Совершенно верно, по-разному. Это во-первых. Во-вторых, дирижер располагает артистами как красками. Именнно эти краски и есть то самое главное, чем отличаюся дирижеры. Это как на полотне у художника. В твоем распоряжении миллион красок – и чистые, и смешанные – с их помощью и твори. То же самое в оркестре: есть краски чистые, есть смешанные. Как подашь: либо такое сочетание, либо такое, что подать по балансу и по звуку.

Творческий коллектив Национальной оперы Украины за изготовлением окопных свечей. Рядом с Аллой Кульбабой – главный режиссер театра Анатолий Соловьяненко
Творческий коллектив Национальной оперы Украины за изготовлением окопных свечей. Рядом с Аллой Кульбабой – главный режиссер театра Анатолий Соловьяненко

Эта палитра у вас в руках?

Да. С возрастом, с опытом приобретаешь умение что-то изменять и добавлять – на ходу менять краски в оркестре. Плюс, конечно, голос, хор – всё это меняется – и это настоящий момент творения на ходу. С опытом ты уже овладеваешь этим приёмом: одновременно контролировать и то, что на сцене, и то, что в яме – плюс на ходу пытаешься еще что-то менять.

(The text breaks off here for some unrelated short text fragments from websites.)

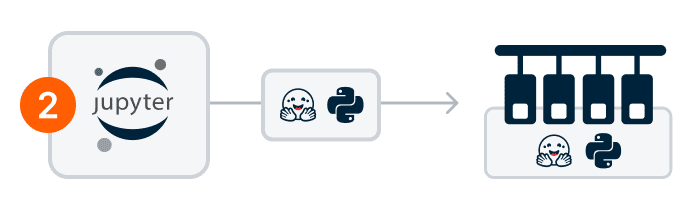 Pushing the processing to GPU Analytic cluster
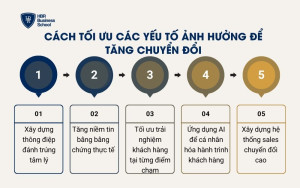 Cách tối ưu các yếu tố ảnh hưởng để tăng chuyển đổi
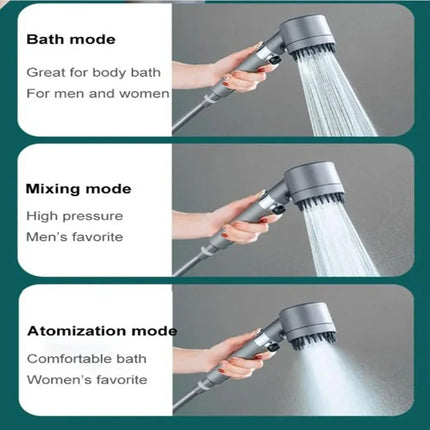 Shower Head Kit High Pressure Shower Head for Hard Water High Pressure Shower 3-mode Adjustable Spray with Massage Bathroom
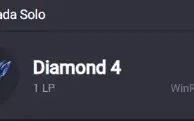 Conta D4 89% winrate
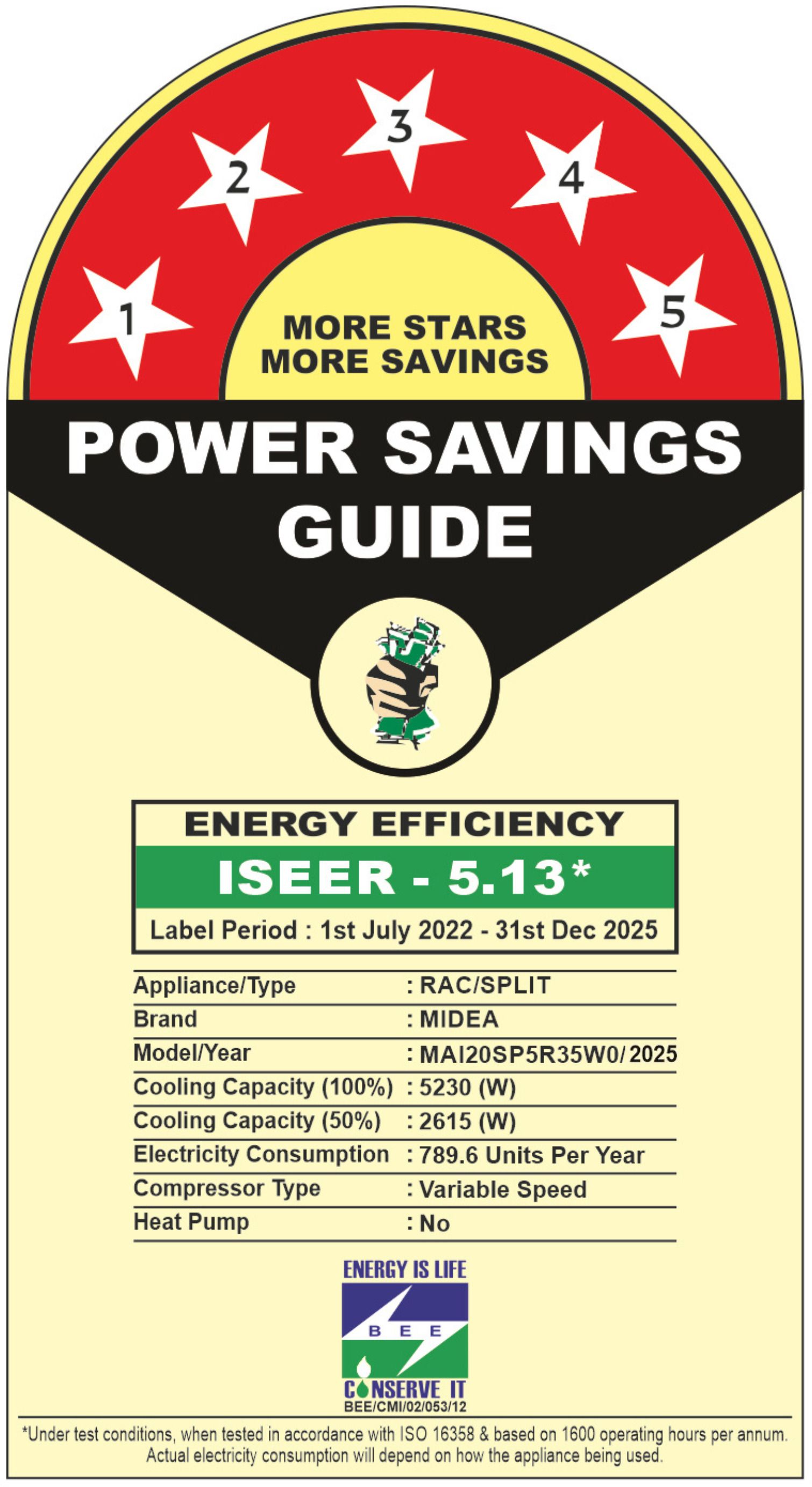 Midea 2025 Model 1.5 Ton 5 Star Split Inverter with Wi-fi 6 in 1 Convertible Cooling AI+KW Display, PM 2.5 Filter, , Santis Pro-X RYL AC  (MAI20SP5R35W0, White)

И, самое главное, дирижер не может быть деспотом. Его должны уважать за профессионализм. В отношениях с музыкантами ты должен быть авторитетом не потому, что у тебя административная сила, а потому, что она – творческая, убедительная. Только так. Понятно, что никакого панибратства быть не может, должно быть расстояние – и взаимоуважение. Ты уважаешь музыкантов – музыканты уважают тебя. Потому что каждый человек, музыкант, солист – это личность, он тоже художник. Из этих художников потом и складывается художественность вашего общего творения.